PROVIDED MATERIAL below:

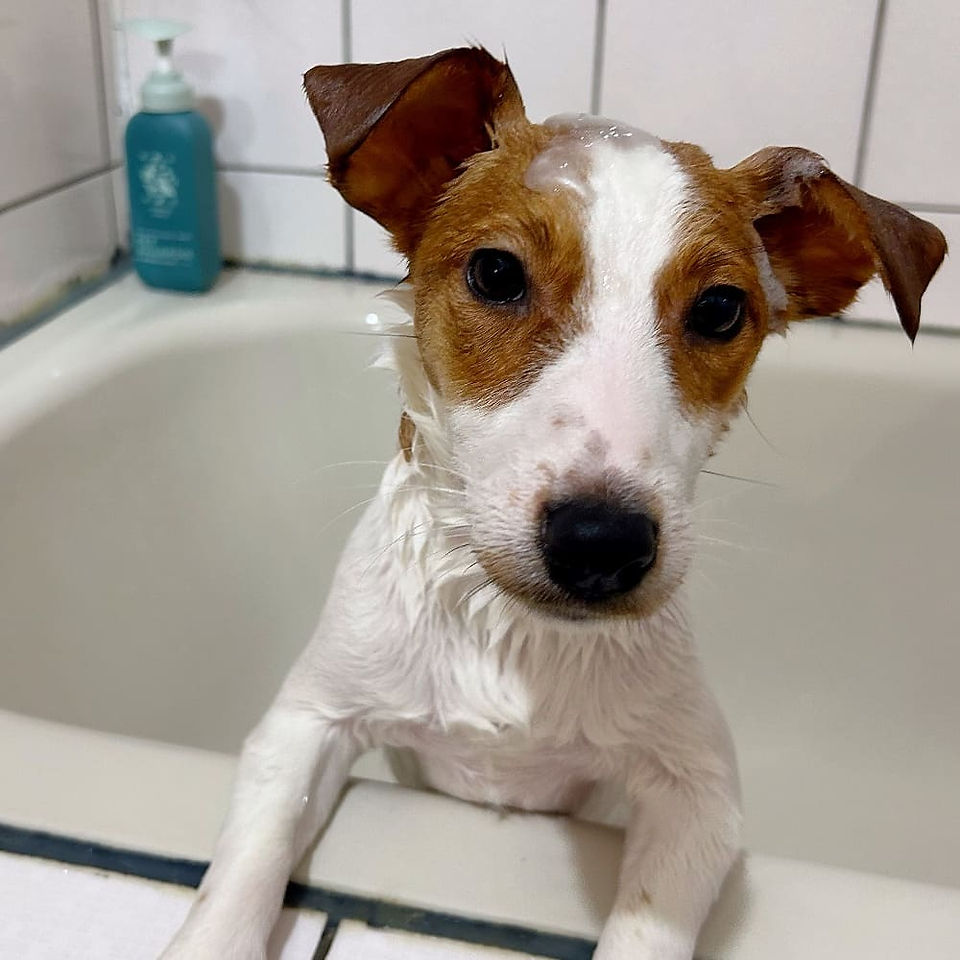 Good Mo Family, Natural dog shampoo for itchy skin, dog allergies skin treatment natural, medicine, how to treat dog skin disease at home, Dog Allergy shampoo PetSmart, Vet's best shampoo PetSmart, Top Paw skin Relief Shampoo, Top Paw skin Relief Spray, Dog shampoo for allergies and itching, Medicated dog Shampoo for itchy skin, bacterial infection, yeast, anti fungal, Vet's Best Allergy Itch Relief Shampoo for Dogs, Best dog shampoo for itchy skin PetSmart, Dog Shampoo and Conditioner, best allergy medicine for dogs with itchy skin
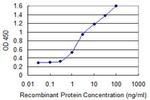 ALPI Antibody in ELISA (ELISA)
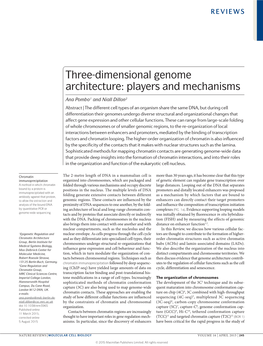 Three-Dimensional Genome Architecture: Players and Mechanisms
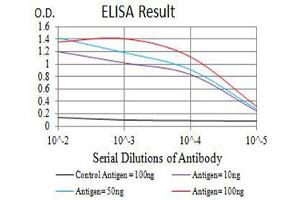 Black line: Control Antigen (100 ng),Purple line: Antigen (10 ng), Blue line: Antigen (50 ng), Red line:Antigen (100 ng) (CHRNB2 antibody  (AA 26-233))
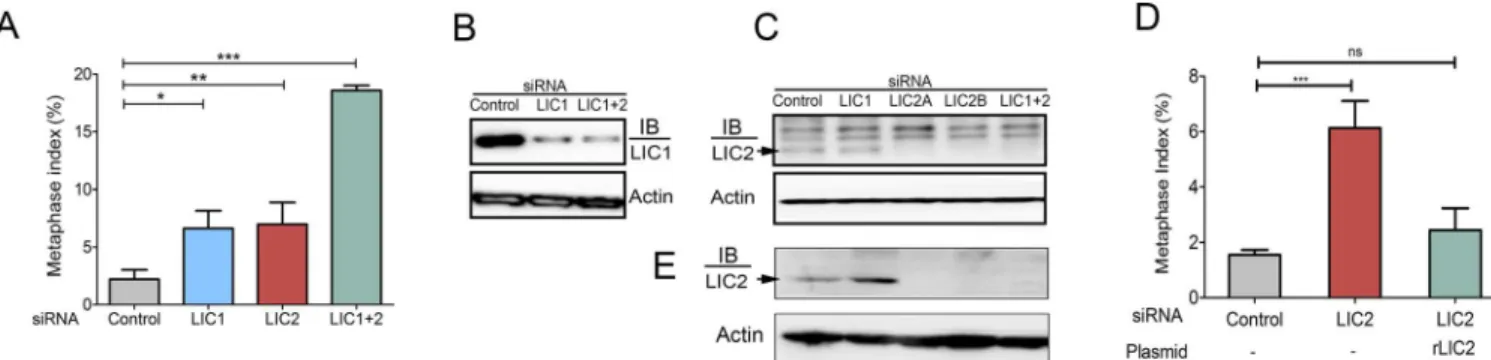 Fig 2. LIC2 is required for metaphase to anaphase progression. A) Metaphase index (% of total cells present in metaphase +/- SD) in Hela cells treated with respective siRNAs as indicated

End of PROVIDED MATERIAL.

TASK DESCRIPTION. Starting at the line that contains "ALPI Antibody in ELISA (ELISA)" and ending at the final line of the data, reproduce each line exactly. Pictures stay out of the copy.

SOLUTION TO THE EXERCISE.
 ALPI Antibody in ELISA (ELISA)
 Three-Dimensional Genome Architecture: Players and Mechanisms
 Black line: Control Antigen (100 ng),Purple line: Antigen (10 ng), Blue line: Antigen (50 ng), Red line:Antigen (100 ng) (CHRNB2 antibody  (AA 26-233))
 Fig 2. LIC2 is required for metaphase to anaphase progression. A) Metaphase index (% of total cells present in metaphase +/- SD) in Hela cells treated with respective siRNAs as indicated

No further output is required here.